Maybe it’s a perverse sign of gender progress that one of the biggest fraud scandals in recent Silicon Valley history came under a woman’s watch.  

For years, let’s face it; women never got far enough into the upper strata of the high-tech game to have a shot at that kind of superlative.

Elizabeth Holmes (top) did, and she’s now also the subject of The Inventor: Out for Blood in Silicon Valley, which premieres Monday at 9 p.m. ET on HBO.

In some contrast to the title, which has the ring of a UFC match, The Inventor methodically tracks Holmes’s spectacular rise and equally spectacular fall as the founder of Theranos, a tech firm that promised to develop a cheap, simple, one-drop blood test that could replace the elaborate multi-vial standard of the blood test biz.

Dropping out of Stanford at the age of 19 to launch Theranos, Holmes spent the next 11 years building a gleaming multimillion-dollar lab and office facility in which her team developed Edison, the machine that could take this single drop of blood and, within hours, spit out more than 200 test results, from rare cancers to pregnancy.

Serious, single-minded and charismatic, Holmes would ultimately coax more than $900 million from investors who included the likes of former Secretary of State George Shultz, media mogul Rupert Murdoch, Henry Kissinger, and the former CEOs of several major Fortune 500 companies.

By 2014, Fortune estimated the value of Theranos at more than $9 billion, and Holmes had arranged for its first major public rollout. Pharmacy giant Walgreens partnered with Theranos in Arizona for a test series of “wellness centers” that enabled ordinary folks to give that drop of blood at Walgreens and get their faster, cheaper results courtesy of Theranos.

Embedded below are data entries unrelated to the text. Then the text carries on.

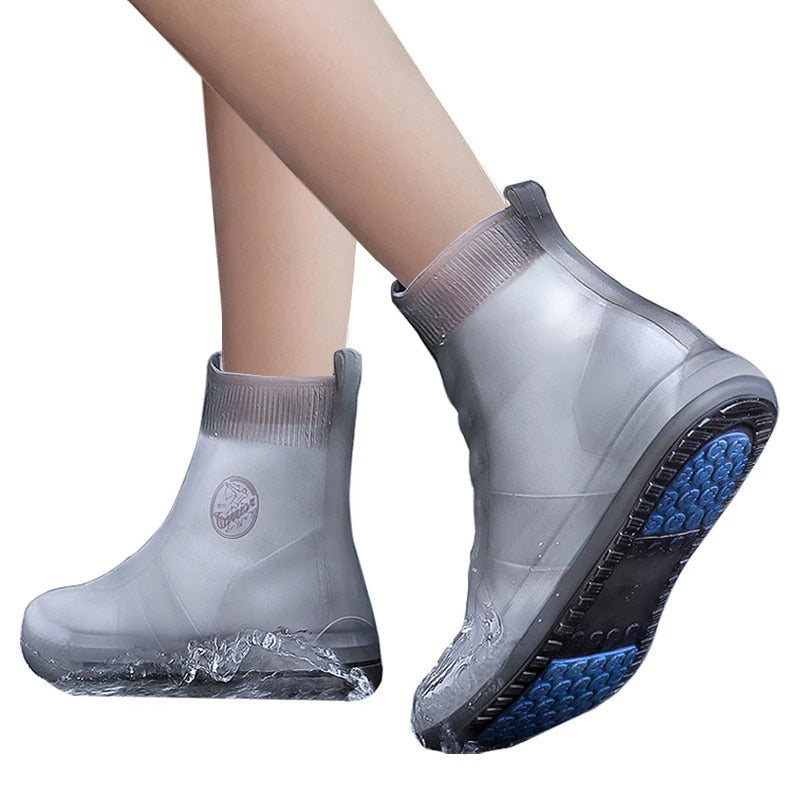 Waterproof Non-Slip Bottom Rain Shoe Covers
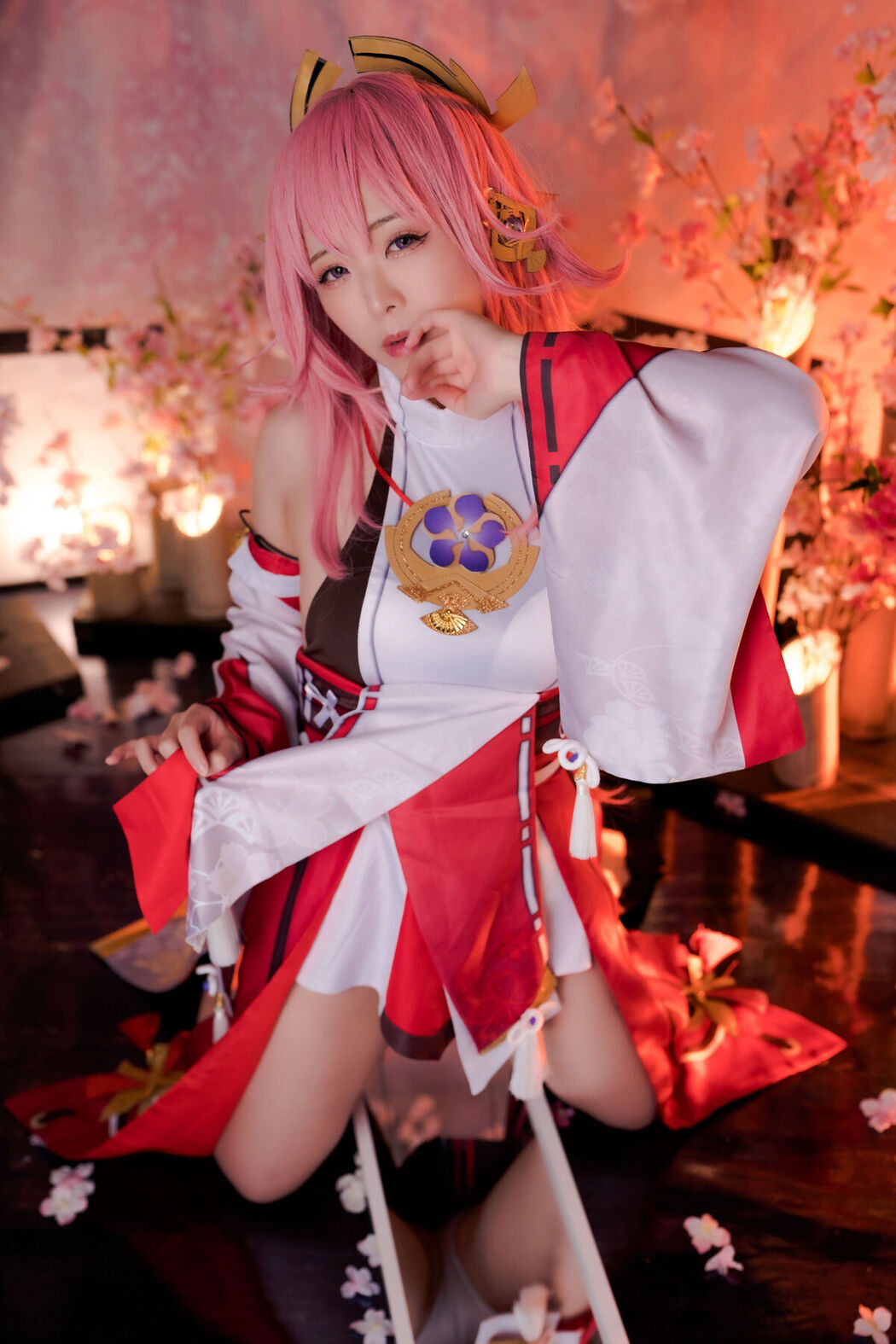Coser@Rizuna &#8211; Yae Zakura Houkai Impact 3 Part02 (61P)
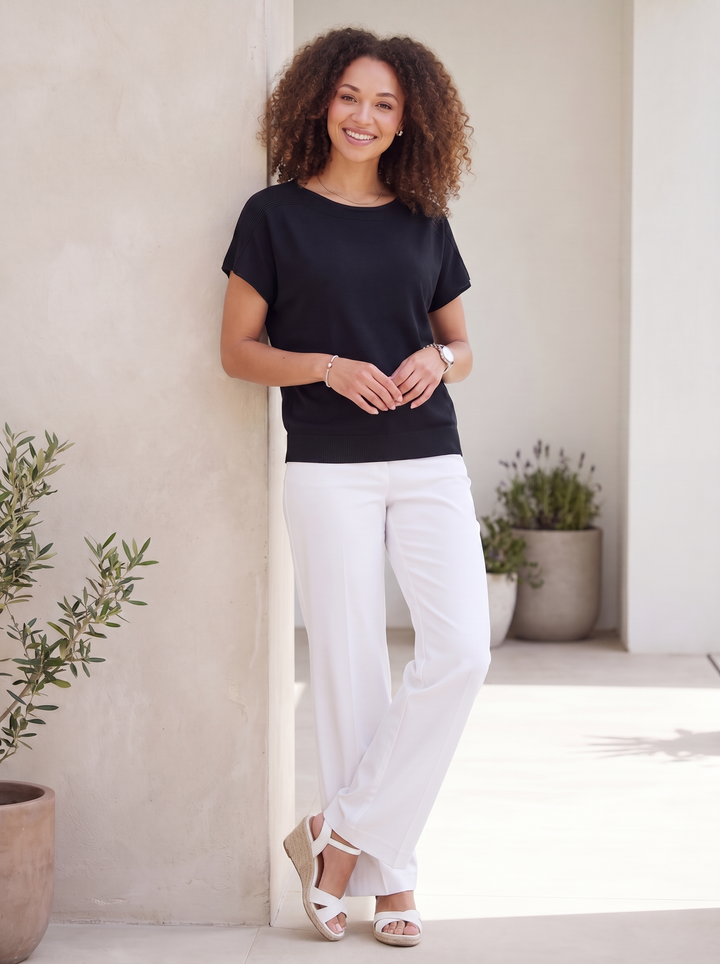 “ELLA” Fine Knit Top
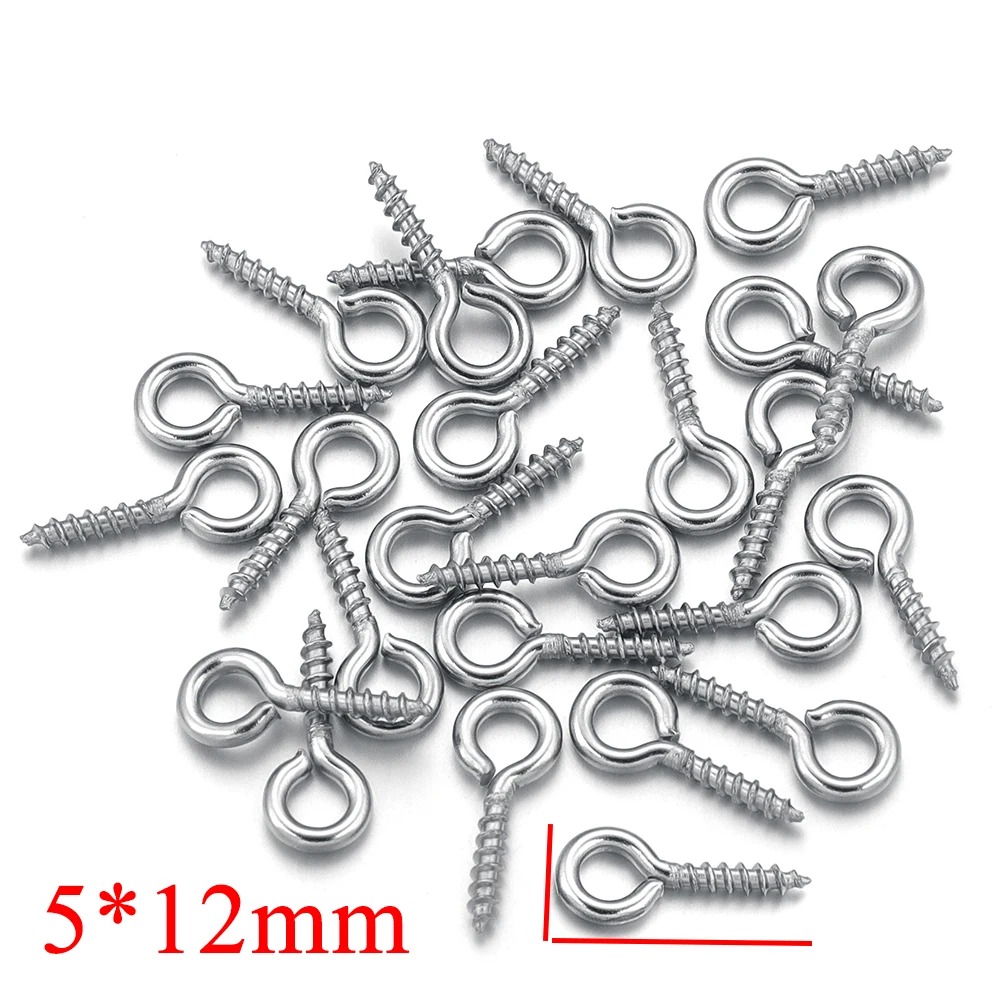 100 قطعة/الوحدة الفولاذ المقاو - مراجعة Jewelry Making Rivets وسعره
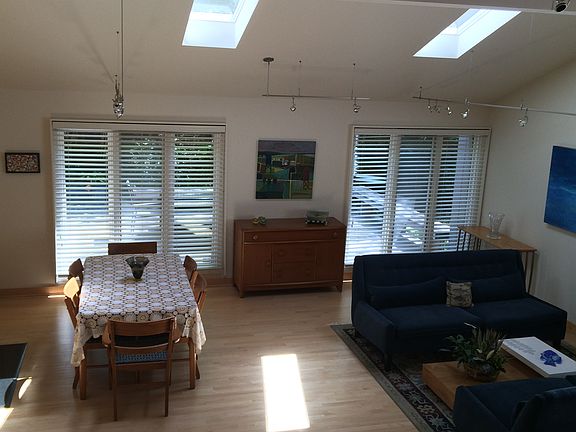 Living Room and Dining Room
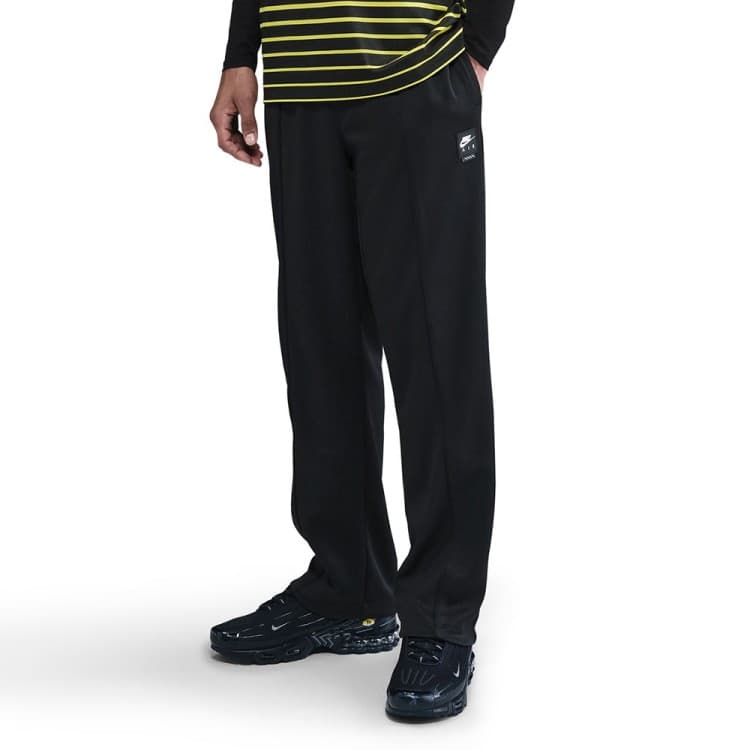 Штани чоловічі Nike M NK AIR PK TRACK PANT чорні IB2147-010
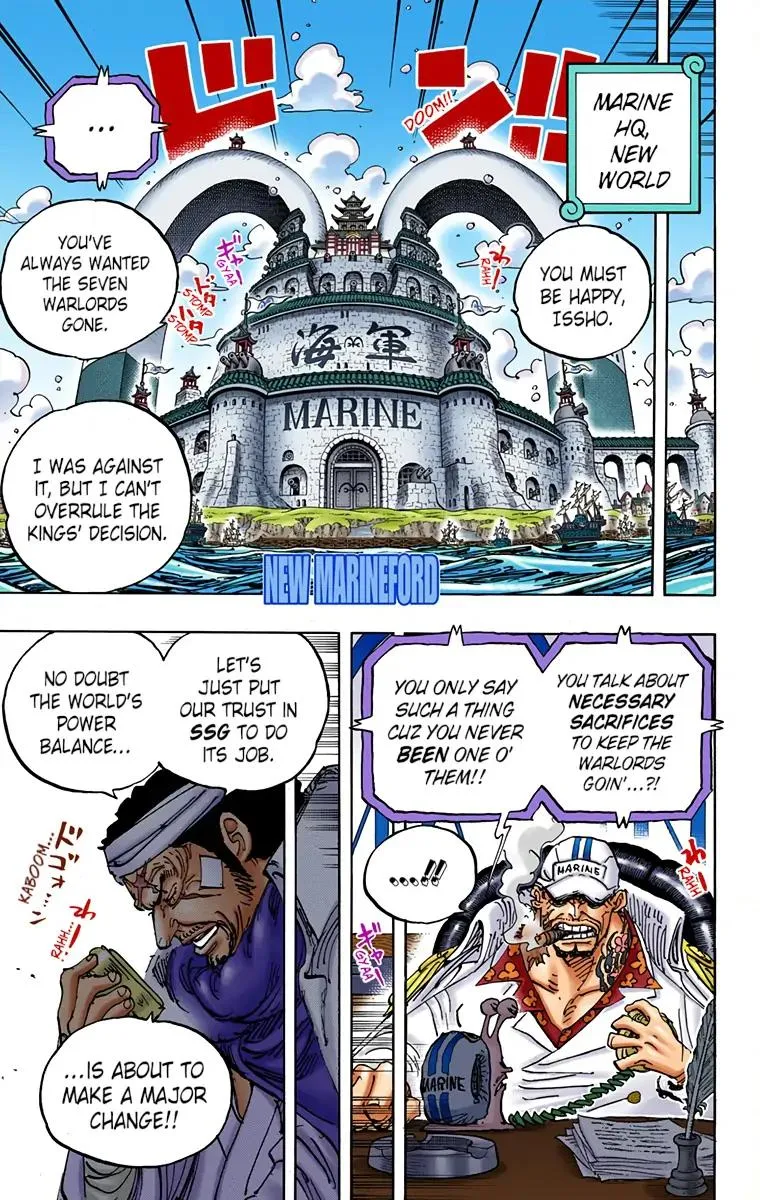 Read One Piece (Color) EN Manga Online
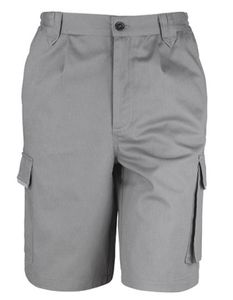 Action Shorts Kurze Arbeitshose - Farbe: Grey - Größe: XS (30)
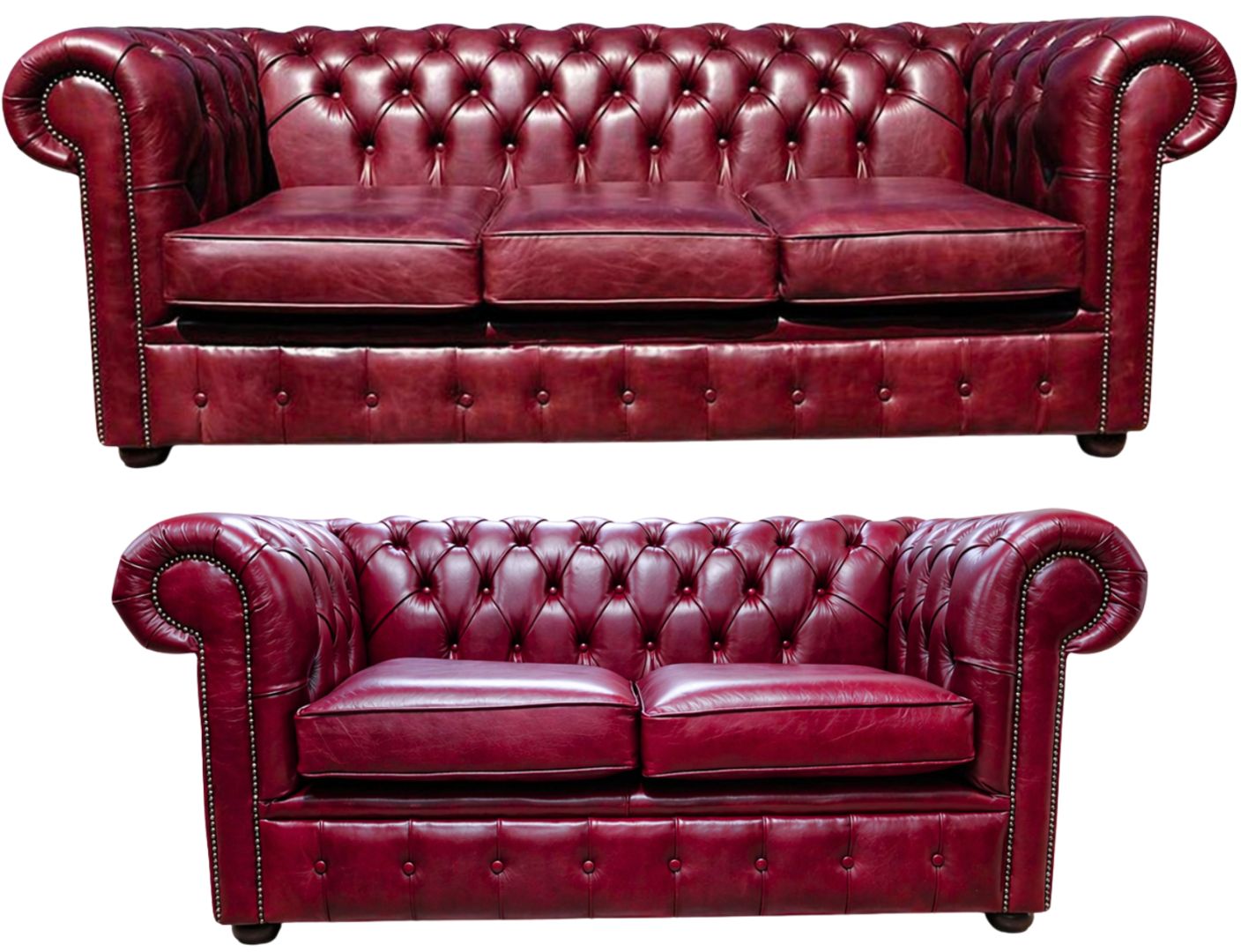 The Cambridge Chesterfield 3 Piece Suite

In her frequent public appearances, Holmes was upbeat and modest. All she really wanted to do, she said, was make a vital early-detection health care tool affordable to everyone.

Toward that end, she slept four hours a night and worked the rest of the time, taking all her meals at the office. When she wasn’t working, she shared an apartment with Sunny Balwani, her COO, whom she had met at Stanford when she was 18, and he was 37.   

She had a few quirks, the people interviewed in Alex Gibney’s documentary say, like never blinking. Ever. But a few quirks hardly made her stand out in the high-tech world that produced the likes of Bill Gates, Larry Ellison and her personal hero, Steve Jobs.

She only had one problem. Edison didn’t work. She wanted it to do more things than physics would allow because that’s what she had promised investors, so the machines broke down and the results were too often unreliable.

This forced her to fall back on a technique apparently common in Silicon Valley and also used more than a century earlier by the man after whom she named her machine, Thomas Edison.

Once you claim to have developed something that doesn’t really work yet, you tap dance until you buy the time to raise the money you need to determine whether it actually could work.  

Holmes and Balwani were dancing as fast as they could until 2015 when the Wall Street Journal published an article that detailed how Theranos was bluffing.

Almost immediately, that $9 billion valuation was revised to zero. Holmes tried to hang on claiming she had no idea the lab had problems and vowing that she would now fix them. It was way too little, way too late.

Holmes left Theranos in 2017. In 2018, the company formally shut down. Holmes and Balwani, who by now had broken up, were indicted by a federal grand jury on multiple fraud counts, to which they pled not guilty. They currently await trial, which reportedly hasn’t stopped Holmes from pitching ideas to her old friends and colleagues for new startups.

None of this story is new, nor has it become old. Holmes is also ticketed, as we speak, to be the focus of a feature film based on the Wall Street Journal reporting and starring Jennifer Lawrence. Tentative release date: next year.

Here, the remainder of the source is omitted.